_Items listed in a dataset:_
--------------------------------------------------
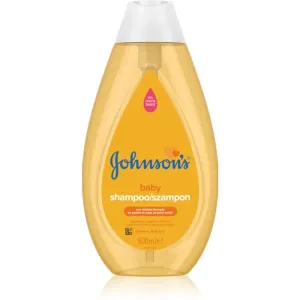 Johnson´s Baby Shampoo 500 ml šampón pre deti na všetky typy vlasov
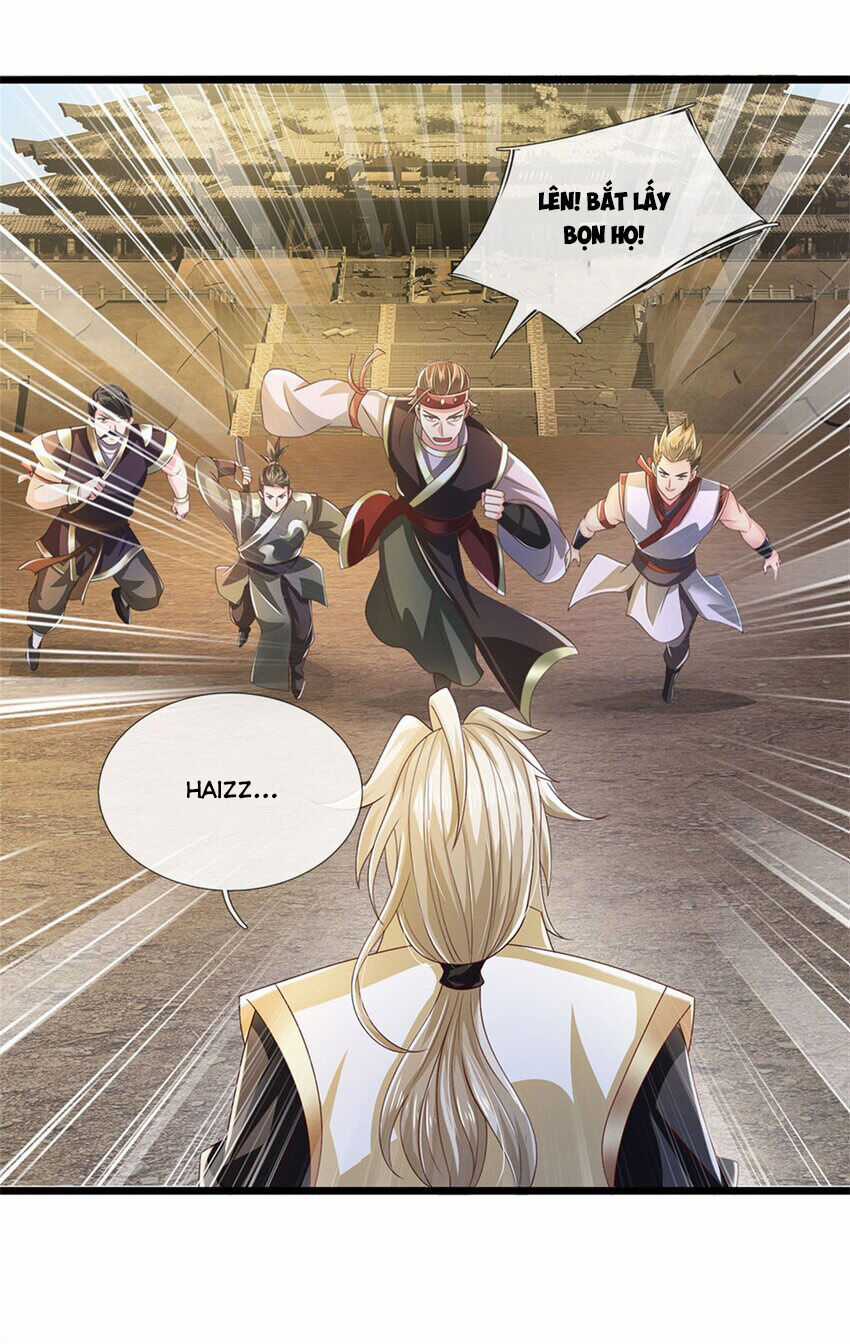 Lựa Chọn Thần Cấp: Ta Không Theo Sáo Lộ Mạnh Lên Chapter 125 trang 7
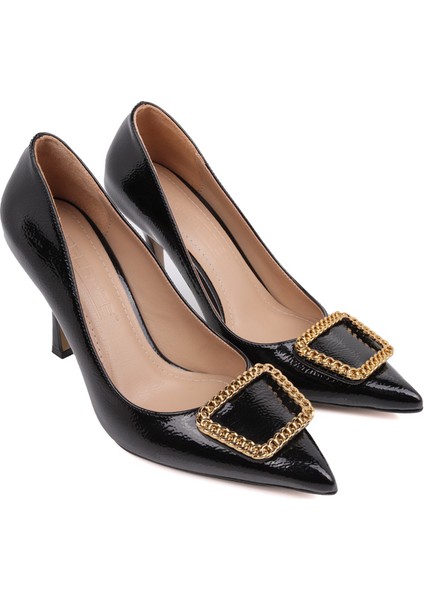 04085 Siyah Ayakkabı modelleri
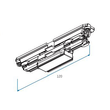 208-191d6212 Molto Luce GLOBAL TRACK PULSE DALI VERBIND-LIN Produktbild Additional View 1 S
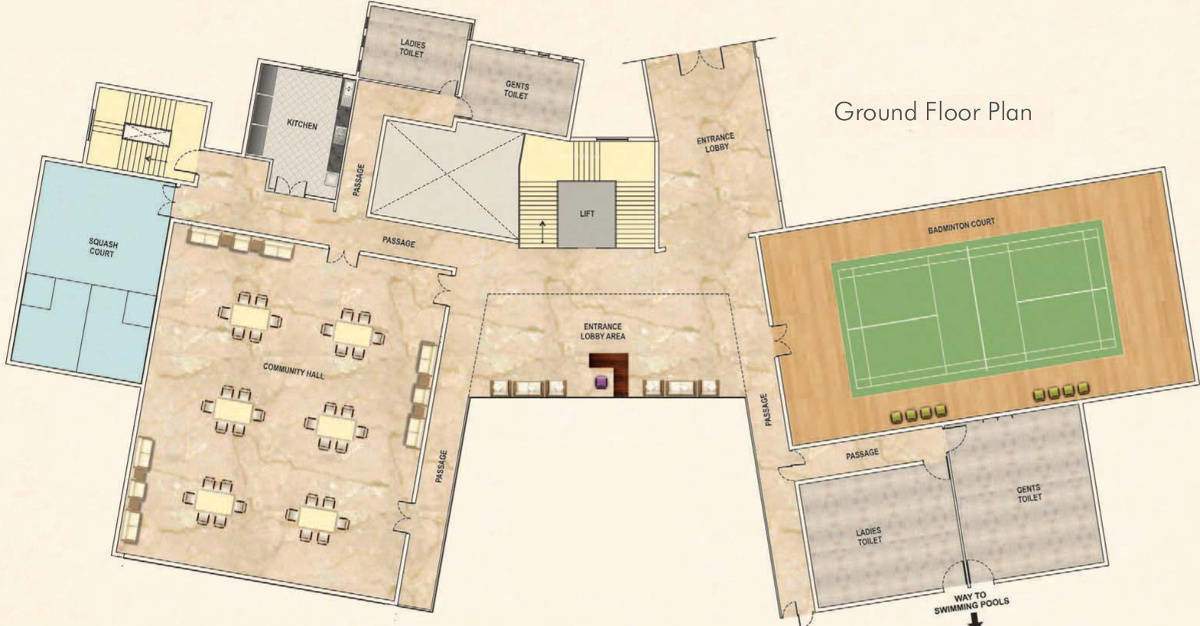 greens Images for Cluster Plan of Ideal Greens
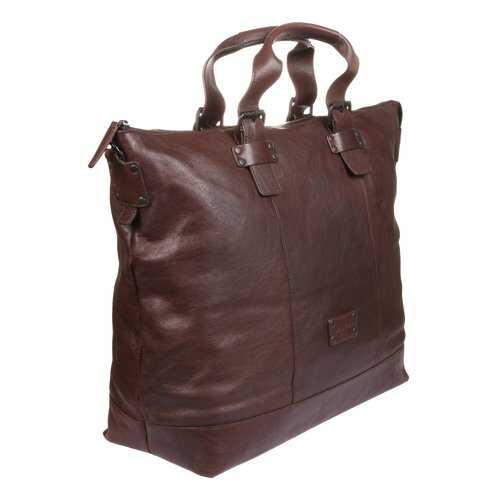 Сумка мужская Gianni Conti 1132074 коричневая в Wildberries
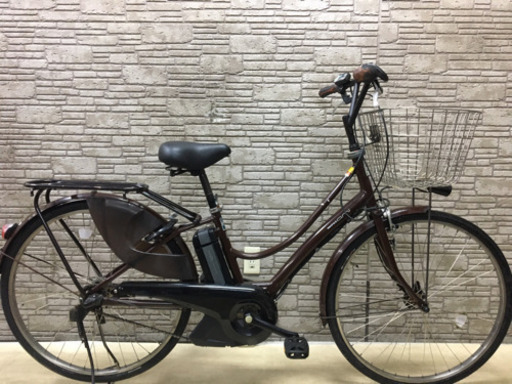 東京23区配達無料　新基準　ヤマハ　パスアミ　6.6Ah リチウム 電動自転車 中古☆26インチ☆☆YAMAHA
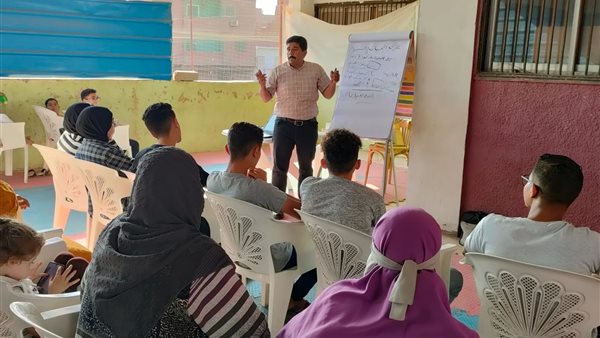 جانب من اللقاء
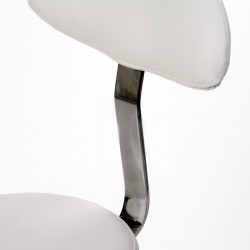 Tabouret avec dossier Saturne+ | Distributeur officiel de WEELKO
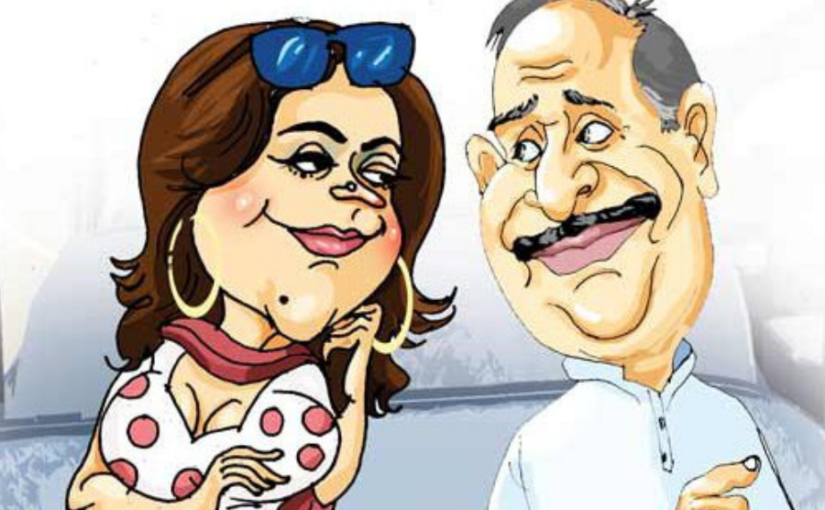नेताजी ने ही कहा, “आप ने कौन सा सेंट लगा रखा है?”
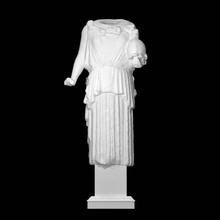 herm Atenas Varredura mulher corpo 3d print model - Mito3D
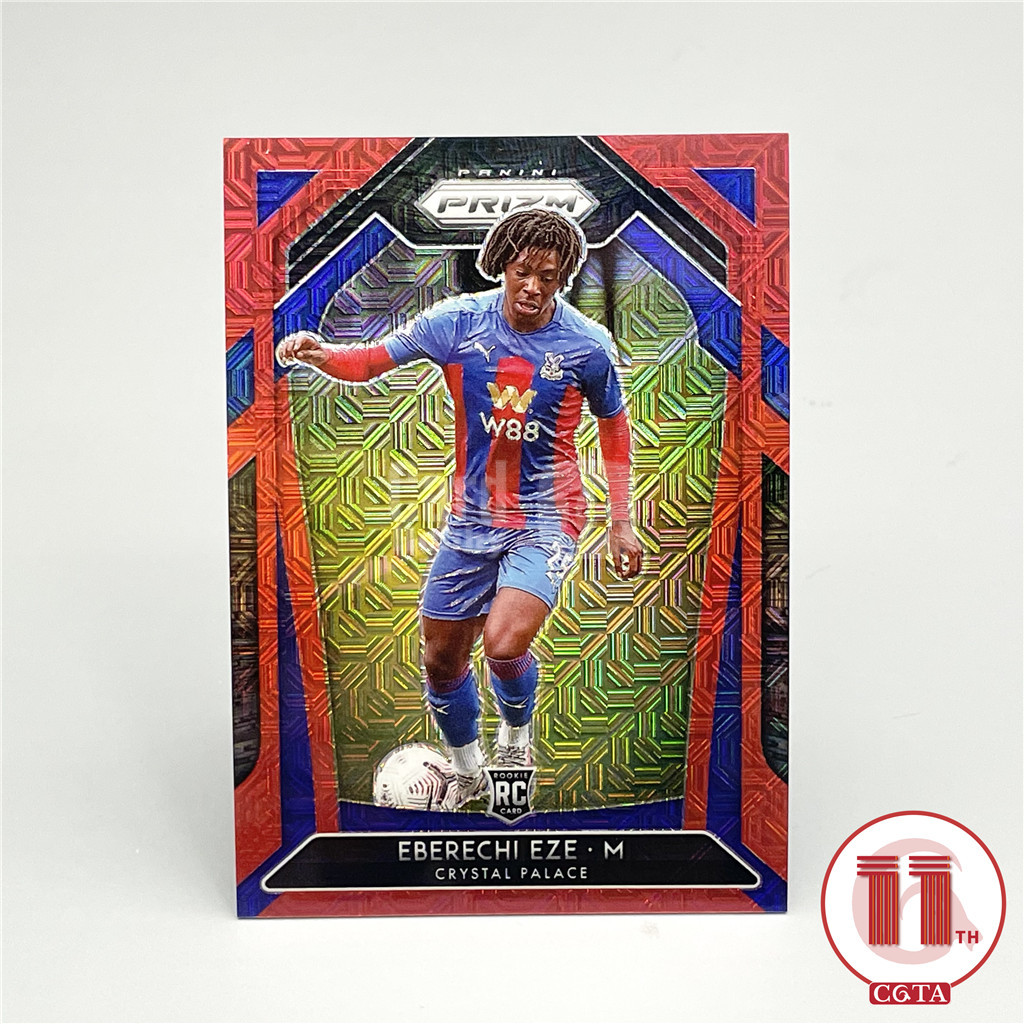【CGTA 同背号】2020-21 Panini 英超Prizm 水晶宫 埃泽 RC新秀 025/135编 同背 红mojo折base #63 英格兰 阿森纳	Eberechi Eze	越秀山2658573 #mtr#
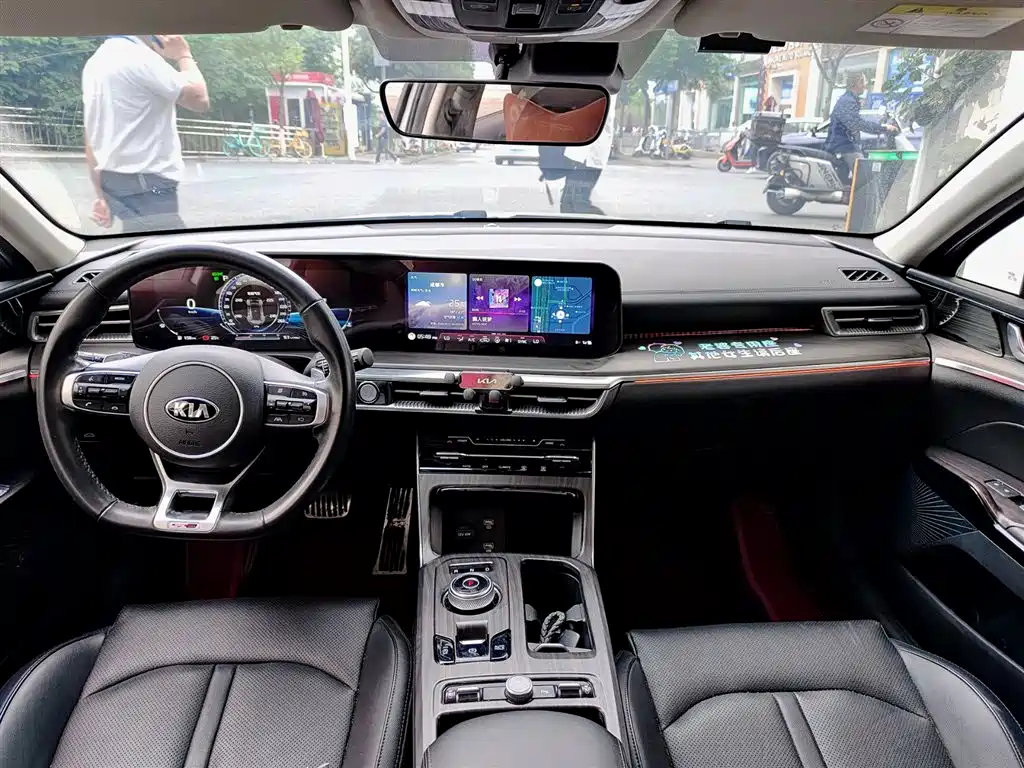 Kia K5 2021 — фото 10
--------------------------------------------------
_Exercise:_ Beginning with the line above that contains "208-191d6212 Molto Luce" and ending with the line that contains "جانب من اللقاء", quote each line exactly, keeping out the pictures.

_Solution to the exercise:_
 208-191d6212 Molto Luce GLOBAL TRACK PULSE DALI VERBIND-LIN Produktbild Additional View 1 S
 greens Images for Cluster Plan of Ideal Greens
 Сумка мужская Gianni Conti 1132074 коричневая в Wildberries
 東京23区配達無料　新基準　ヤマハ　パスアミ　6.6Ah リチウム 電動自転車 中古☆26インチ☆☆YAMAHA
 جانب من اللقاء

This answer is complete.